Did you know that you don’t have to be rich in order to be financially independent? All you need is to have enough in cash flows or assets from sources other than a day job in order to cover your costs. It might be a journey to get there, but it’s totally worth it.
If this is something you’re considering, the very first thing you’ll want to do is come up with a solid plan—and you’ll need to stick to it. This can mean years and potentially even decades, but you should consider the time spent as building blocks to enable you to reach financial independence.
Here are six tips to keep in mind:
Lower Your Cost of Living
You’ll ever be able to save up money or achieve financial independence if you can’t keep your cost of living down. The less money you spend, the more money you’ll have on hand to cover any unexpected costs or surprises that life might throw your way, and those surprises can quickly unravel all of your hard work if you aren’t careful.
Prepare for the Unexpected
Speaking of surprises, you never know what you might face in life. For example, no one could have imagined just six months ago that we would be experiencing a coronavirus pandemic. To combat this, you need to build in a buffer to your plans so that you can handle bad things as they happen in life.
Be Careful with the Stock Market
While the stock market can be an incredible way to grow wealth over time, stocks can also be very dangerous assets to own when it comes to short-term needs. All it takes is one market crash to erode stock prices, which could force you to sell more shares than you can afford in order to cover any costs you might face.
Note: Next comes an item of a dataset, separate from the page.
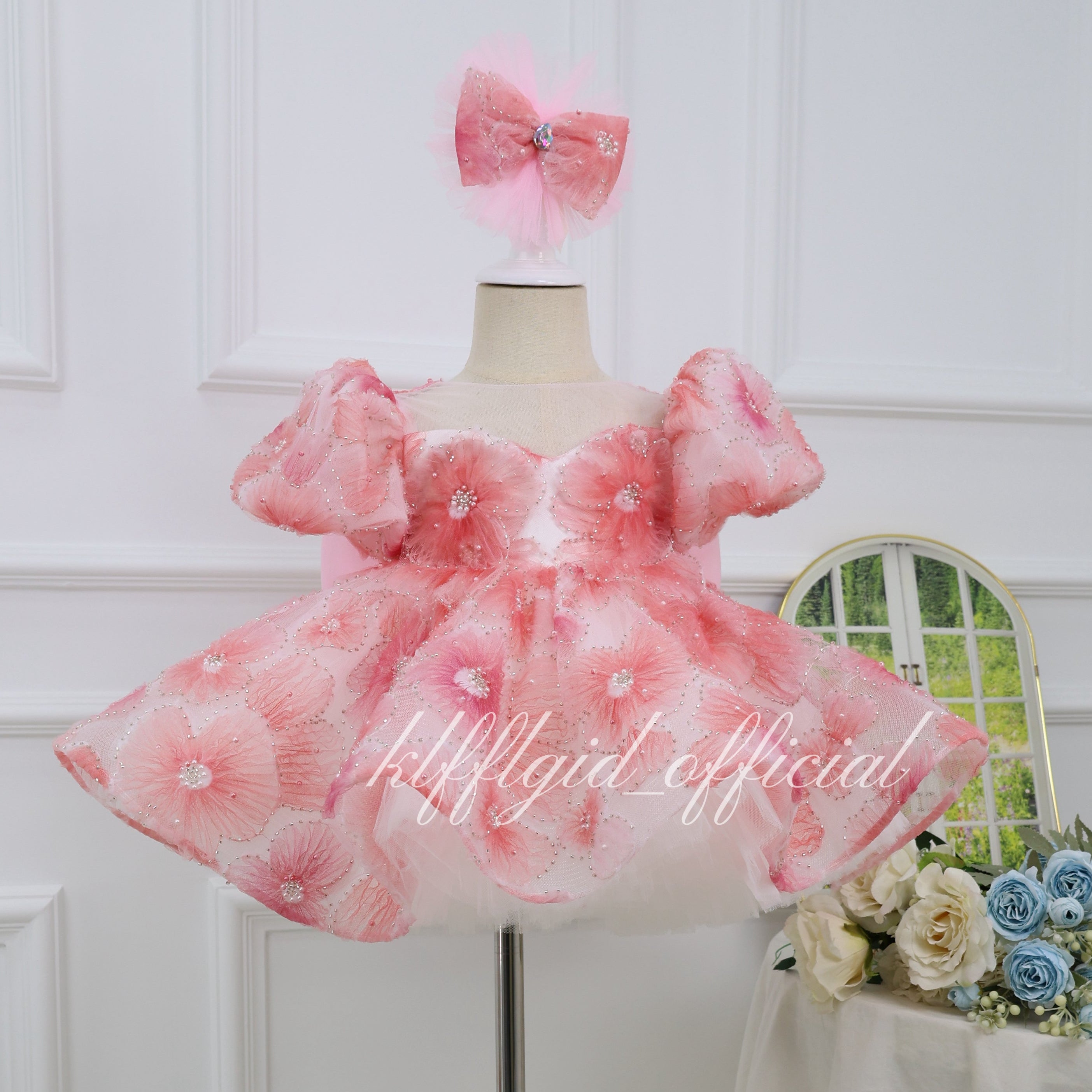 Baby Birthday Dress Flower Girl Dress Luxury Girls Couture | KLFFIGID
However, stocks CAN be beneficial to help with longer-term goals. Buying a broad stock market exchange-traded fund can go a long way if you’re willing to play the game long enough.
Stocks can be fantastic for long-run returns, but keep in mind that a one-time investment isn’t likely to get you where you need to be. Your goal should be investing regularly, ideally with every paycheck if possible – and you can do this by signing up for automatic paycheck deductions into your 401(k) or other employer-sponsored retirement plan.
Reinvest Your Dividends
If you believe stocks will return 8% annually, 2% from dividends and 6% from growth, you may be tempted to spend those dividends because they represent just two percent of your invested amount. However, a smarter choice would be to reinvest those dividends so that your money can grow even faster.